One more note on older PyTorch versions: based on the code I already have, I think it's possible to support this effort without torchdata and without WebDataset (I have my own simplified version of tar writers/readers). I'm just not sure if it makes sense to duplicate their other capabilities yet (maybe it does).

Regarding abstractions, I tend to agree they got a bit too complex and can be a bit confusing sometimes. Lhotse has grown quite a lot during the last 2 years and tries to support everything in every possible combination. The only way to simplify is to break backwards compatibility, and so far my goal was the reverse: to be 99.9% backward-compatible with the initial design choices. Maybe it's worth a separate discussion how Lhotse 2.0 should look like :) I agree that the core focus should be on iteration-based approaches.

For combining shards the way you described, I'm pretty sure it's possible to do today, but maybe we can somehow make the API more discoverable. Code (also see a tutorial I wrote about combining datasets: https://colab.research.google.com/github/lhotse-speech/lhotse/blob/master/examples/03-combining-datasets.ipynb):

cuts_libri100h = CutSet.from_webdataset([libri_100h_shard0, libri_100h_shard1, ...])
cuts_libri360h = ...
cuts_libri500h = ...
cuts_giga = ...

cuts_combined = CutSet.mux(
  [
    CutSet.mux(
      [cuts_libri_100h, cuts_libri_360h, cuts_libri_500h],
      weights=[0.1, 0.4, 0.5],
    ),
    cuts_giga,
  ],
  weights=[0.2, 0.8],
).shuffle(buffer_size=50000)  # you want the buffer to be as large as possible within CPU RAM limits

Regarding the features that are either precomputed or computed on the fly when somebody calls item.features: I honestly think this needs to be implemented inside the data pipeline/iterator rather than inside of getting an attribute, otherwise the feature computation will take unnecessary time inside of the training loop. But it's something that can definitely be improved as it's not easily achievable with Lhotse today.

The shard queue idea is... interesting. Let me think about it. One immediate issue is in distributed training where it's almost impossible to synchronize without an external service (I don't think we want to go that way though).
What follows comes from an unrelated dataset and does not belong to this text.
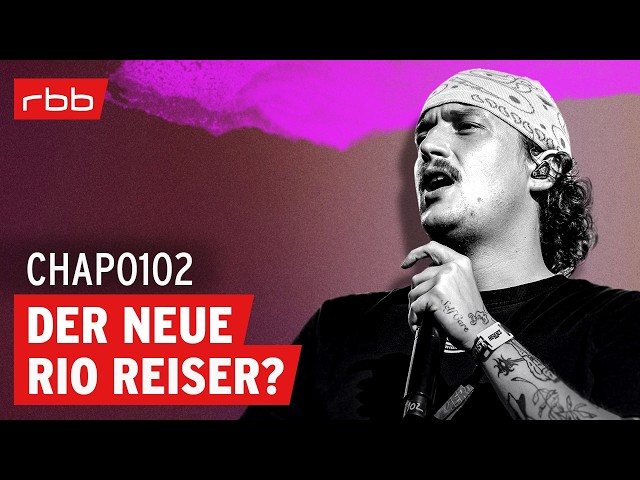 Vom Rüpel-Rapper zum Singer-Songwriter: wie Berlin Chapo102 verändert hat | Berlin Sounds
danpovey commented 2 years ago

Regarding someone calling item.features: i wasn't imagining that this would happen in the training loop (I thought this would happen in the dataloader, and we convert to plain dict before sending to training process). I was thinking that this would happen in the dataloader, but called by some user-specified function, for, say, processing items prior to combining into batches.
Yes, IDK about how one might organize the shard-queue thing. One possibility is to have a background thread in the training process open a port for that? Gets ugly though, obviously.